Boxer briefs vs. Panties

While boxer briefs are fairly comfortable, that is not necessarily the point of this post. I’m sure we all know someone, or maybe we are that someone, that after a lot of heartbreak and headache, there comes a time that we as women try to disengage ourselves from men emotionally, and try instead to pursue a mainly physical or social relationship with a guy. In essence, we want to date like a man. We want to be able to have sex with a man, go out on multiple dates, or get our foreplay on, without any attachment, any feelings, any real connection with the other person. But can we really do it?

My girlfriends and I definitely all went through an “imma do me” phase of our own, some to a greater or lesser extent, some to a more reckless extent than others, some for a longer time than others, but what it meant, for all of us, was that we wanted to get ours. We wanted to experiment. We wanted to be able just have fun, let ambitions go, and not have a bunch of emotion attached to it. We wanted to be as detached as we had perceived men to be. And of course, since we were all coming to this idea at the same time, we were our best cheerleaders…"mmmhmm girl! Do you, cuz imma do me..imma do me! That’s all I can tell you. I gotsta get mine!" We were so into it, and so convinced that we could actually do this, and be successful at it.

What we didn’t know was, or perhaps we were in denial that we already have one up on men when it comes to dealings of the heart for two main reasons. First, since birth we have been conditioned to think with our hearts, rather than our heads, and secondly, whether we like to admit it or not, the estrogen in our bodies contributes to our emotionality. So we kind of set ourselves up, thinking that we could let go of the first 27 years of our life, and turn over a brand new leaf of behaving and interacting with men. Granted, we were decently successful at it, some more than others, but after awhile, not only had reality set in, the feelings had also.

Though we were slow to admit it, we had each far surpassed the “dating like a man” phase, and had actually entered into the “dang, this is actually my boo” torment. So I began to wonder; what would have made it easier? Dating multiple men, with each having the same level of fervor or chemistry? Keeping the physicality out of the “relationship?” Always making sure that we had the upper hand in the direction of the “relationship?” I don’t know. I don’t have the answer, but what I do know is that somehow, what we each were trying to avoid, actually found its way back to us.

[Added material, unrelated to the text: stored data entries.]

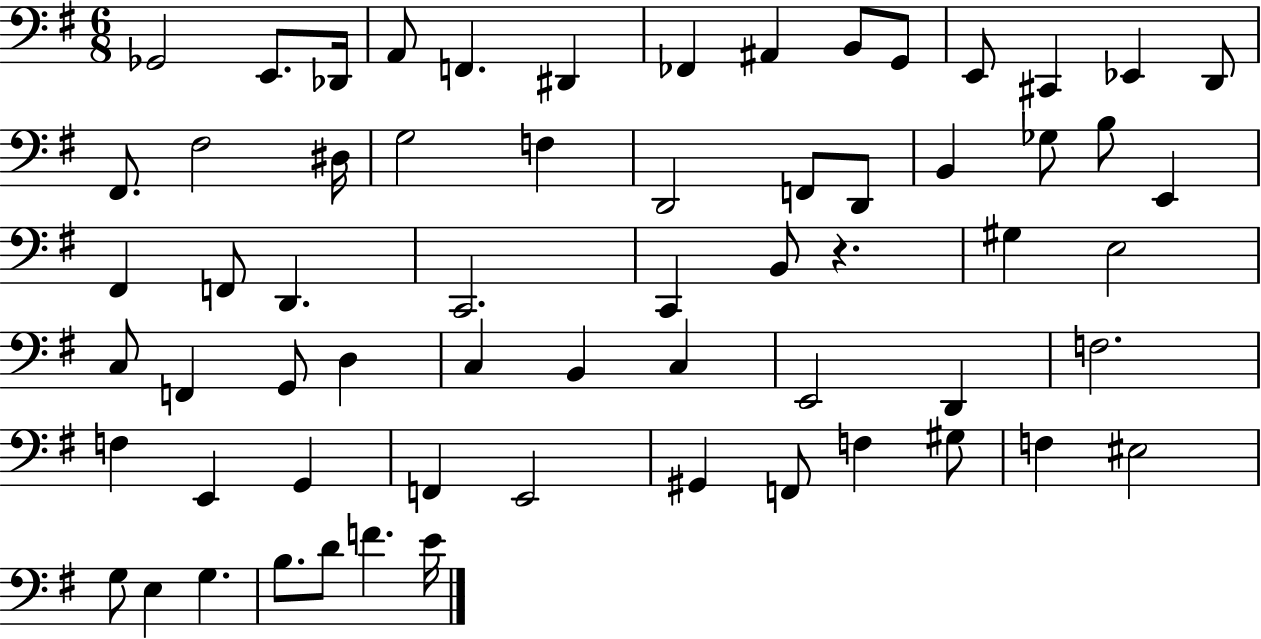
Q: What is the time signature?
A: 6/8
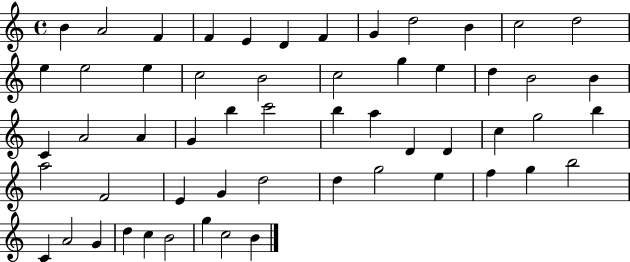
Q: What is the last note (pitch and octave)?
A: B4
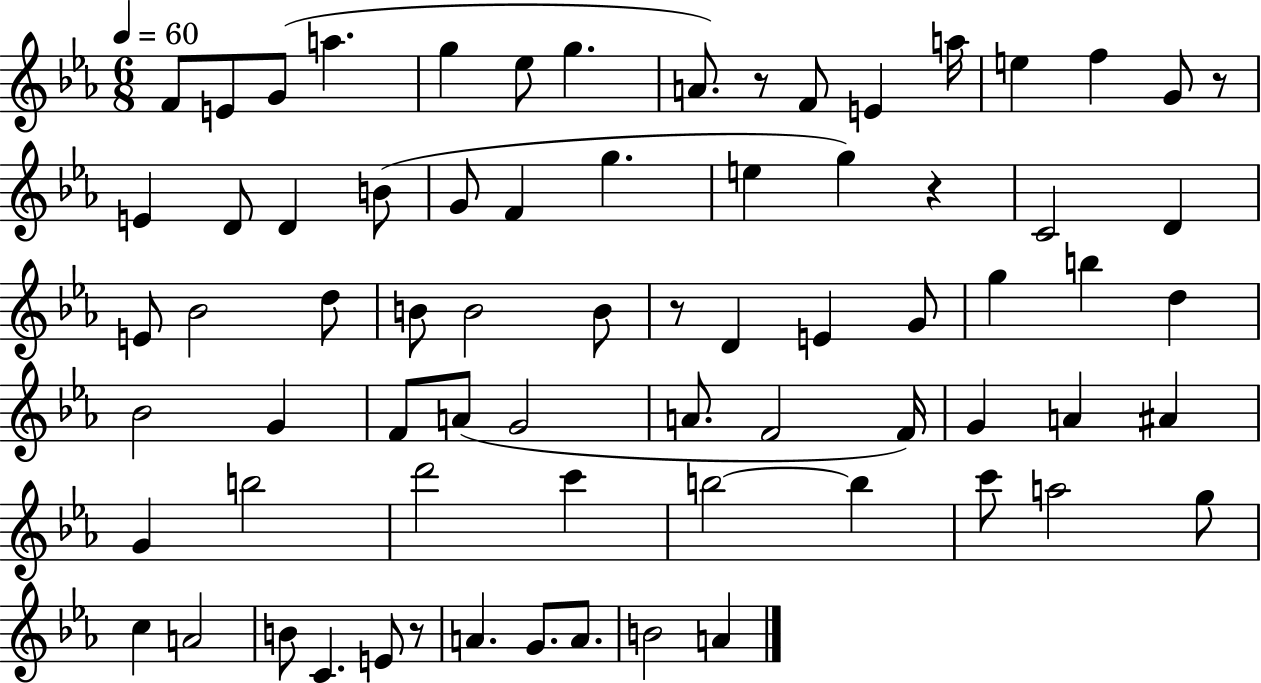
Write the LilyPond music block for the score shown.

{
  \clef treble
  \numericTimeSignature
  \time 6/8
  \key ees \major
  \tempo 4 = 60
  f'8 e'8 g'8( a''4. | g''4 ees''8 g''4. | a'8.) r8 f'8 e'4 a''16 | e''4 f''4 g'8 r8 | \break e'4 d'8 d'4 b'8( | g'8 f'4 g''4. | e''4 g''4) r4 | c'2 d'4 | \break e'8 bes'2 d''8 | b'8 b'2 b'8 | r8 d'4 e'4 g'8 | g''4 b''4 d''4 | \break bes'2 g'4 | f'8 a'8( g'2 | a'8. f'2 f'16) | g'4 a'4 ais'4 | \break g'4 b''2 | d'''2 c'''4 | b''2~~ b''4 | c'''8 a''2 g''8 | \break c''4 a'2 | b'8 c'4. e'8 r8 | a'4. g'8. a'8. | b'2 a'4 | \break \bar "|."
}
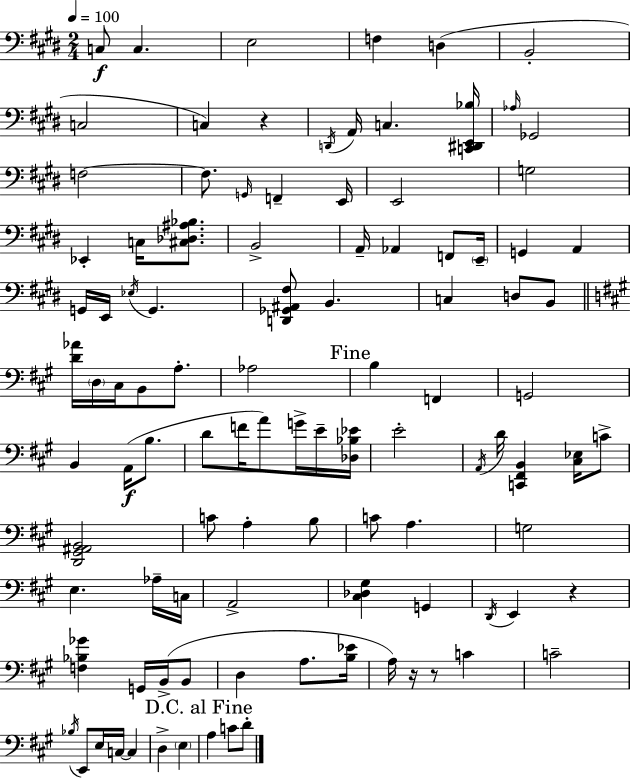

And we ended up having to not only grapple with these feelings, but also the disbelief and shock that these feelings had actually formed. So I ask you, America, boxer briefs or panties; can women wear both?

2 comments:

Unknown said...

Honestly neither men nor women can do this successfully we both have emotions tied to sex woman just express them faster and are more prominent!!!

August 24, 2010 at 10:44 AM
Richard H. Black said...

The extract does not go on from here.